◆ Task directions: Below are the records; repeat exactly their lines between the line holding "可愛いルイヴィトン サンチュール・LVピラミッド コピー" and the line holding "ザ・ノース・フェイス THE NORTH", inclusive, skipping the pictures.

◆ Supplied entries:
────────────────────────────────────────

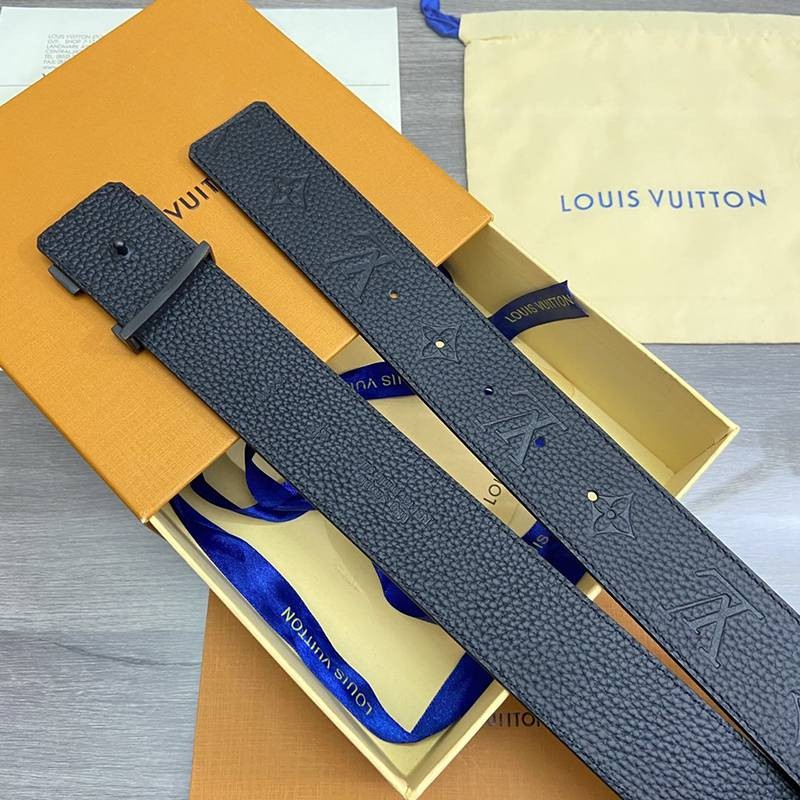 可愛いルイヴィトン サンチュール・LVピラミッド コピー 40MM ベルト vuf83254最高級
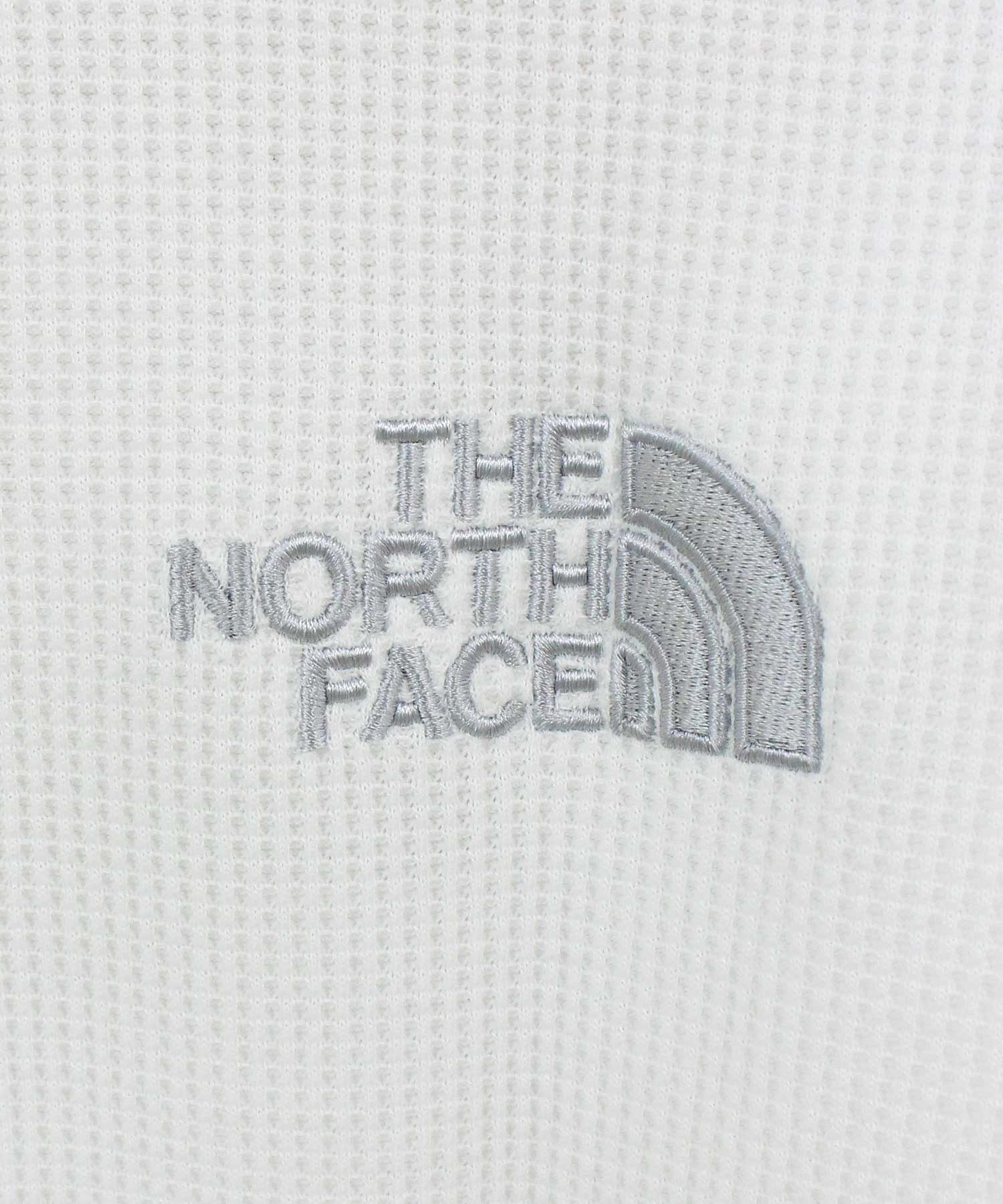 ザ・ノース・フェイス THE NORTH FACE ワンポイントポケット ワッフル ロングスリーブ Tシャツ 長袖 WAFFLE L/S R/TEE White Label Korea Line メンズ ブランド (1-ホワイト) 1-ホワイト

────────────────────────────────────────

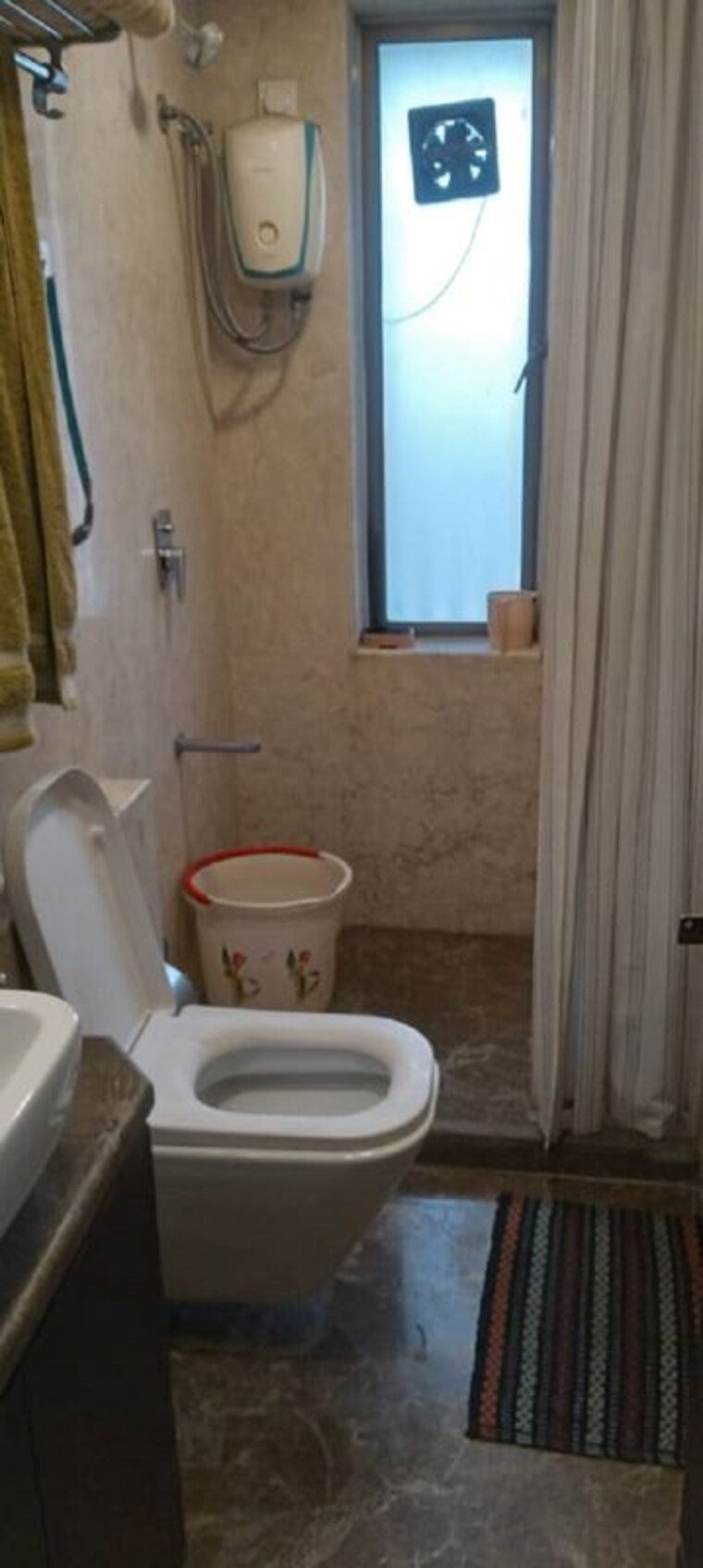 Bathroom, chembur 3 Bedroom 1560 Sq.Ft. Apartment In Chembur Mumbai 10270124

────────────────────────────────────────

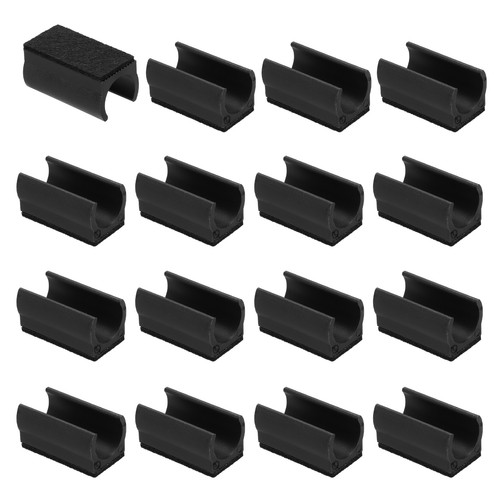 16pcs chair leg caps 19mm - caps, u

────────────────────────────────────────

◆ Solution:
 可愛いルイヴィトン サンチュール・LVピラミッド コピー 40MM ベルト vuf83254最高級
 ザ・ノース・フェイス THE NORTH FACE ワンポイントポケット ワッフル ロングスリーブ Tシャツ 長袖 WAFFLE L/S R/TEE White Label Korea Line メンズ ブランド (1-ホワイト) 1-ホワイト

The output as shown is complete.